The CEO of a large insurance company once confided to me that the toughest innovation challenge he faced was that, “Every time we try to innovate, the agents turn around and kick us in the nuts.”
The dance between Uber and
Google around drone taxis reminds me of that conversation. Google invested in Uber in 2013 but
has recently distanced itself from Uber amid
indications that it is considering offering its own ride-hailing service using driverless cars. While such a service might make sense for Google and might be the way of the future, imagine how Uber’s drivers will react if Uber attempts the transition to driverless cars.
Both the insurance CEO and his agents knew that the most innovative thing his company could do was to eliminate the agents as middlemen between him and his customers. This insurer was paying about 15% of its premiums to agents in commissions and bonuses. Eliminating agents would have translated into lower expenses for the insurer and lower premiums for customers. GEICO, for example, pays no agent commissions. It takes advantage of its structural cost advantage to out-market and out-price its agent-based competitors.
The problem was that this insurer depended on its agents. Going from agent-mediated sales to no agents was fraught with danger.
Sometime in the future, whether five, 10 or 15 years from now, Uber will confront a similar predicament as it confronts the adoption of drone taxis.
Fully autonomous cars will enable Uber-quality service at much lower prices -- and at a fraction of the cost of car ownership. The only difference is that there will be no human drivers.
Drone taxis are an opportunity that Uber has long foreseen. It was likely a part of the calculation for accepting
Google’s $258 million investment in 2013.
Travis Kalanick, Uber’s CEO, was clear about the opportunity when he told a technology conference in 2014 that:
"The Uber experience is expensive because it’s not just the car but the other dude in the car. When there’s no other dude in the car, the cost [of taking an Uber] gets cheaper than owning a vehicle."
And, as I discussed I a recent column,
Uber just put a lot of money behind that vision. So, by the time driverless cars become viable, Uber will have had a hand in its development for a long time.
But here’s the rub. By that time, Uber will no longer be a feisty startup with nothing to protect. It will most likely be a highly profitable and richly valued public company. It will be servicing millions of customers in thousands of cities across hundreds of countries all around the world. And its success will depend on the allegiance of hundreds of thousands of independent human drivers.
As with insurance agents’ power over the aforementioned CEO, drivers will have tremendous leverage over Uber.

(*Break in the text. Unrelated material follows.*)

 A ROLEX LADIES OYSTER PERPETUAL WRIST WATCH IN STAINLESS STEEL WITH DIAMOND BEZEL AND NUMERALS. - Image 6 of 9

Will Uber drivers accept a drone option on the Uber app? No.
It is easy to imagine work stoppages and mass defections to competitors that promise not to offer drones. It is also easy to imagine intense campaigns by drivers and third parties to save drivers’ jobs and livelihoods. Uber will find itself at the very uncomfortable heart of the technology vs. jobs debate.
Will Uber management have the audacity to risk changing Uber’s business model? Could Uber weather the bad publicity and potential disruption to its revenue and profits? Would its board and investors allow management to put the company at risk?
Uber will be in much the same position that Kodak found itself with digital photography. Kodak had the foresight to invest in research that yielded many of the core inventions enabling digital photography. Yet it struggled for decades to capitalize on those inventions -- even as digital photography inexorably replaced film-based photography.
Kodak failed even though it had immense resources, technical expertise and management talent. It failed because it could never negotiate the business model transition to digital photography. If you had a very profitable and dominant film, chemical and paper business, when would you choose to accelerate its demise? Kodak management stuck with film until the company's early advantages in digital photography no longer mattered.
The iconic “Kodak moment” used to conjure up images of
heart-warming pictures. It now symbolizes companies grappling with complete and utter technology disruption.
Uber will no doubt have all the prerequisite resources, technical expertise and management talent to fully comprehend the strategic implications of driverless cars. Like Kodak, it will have a very long time to prepare.
Do you think it will survive its Kodak moment?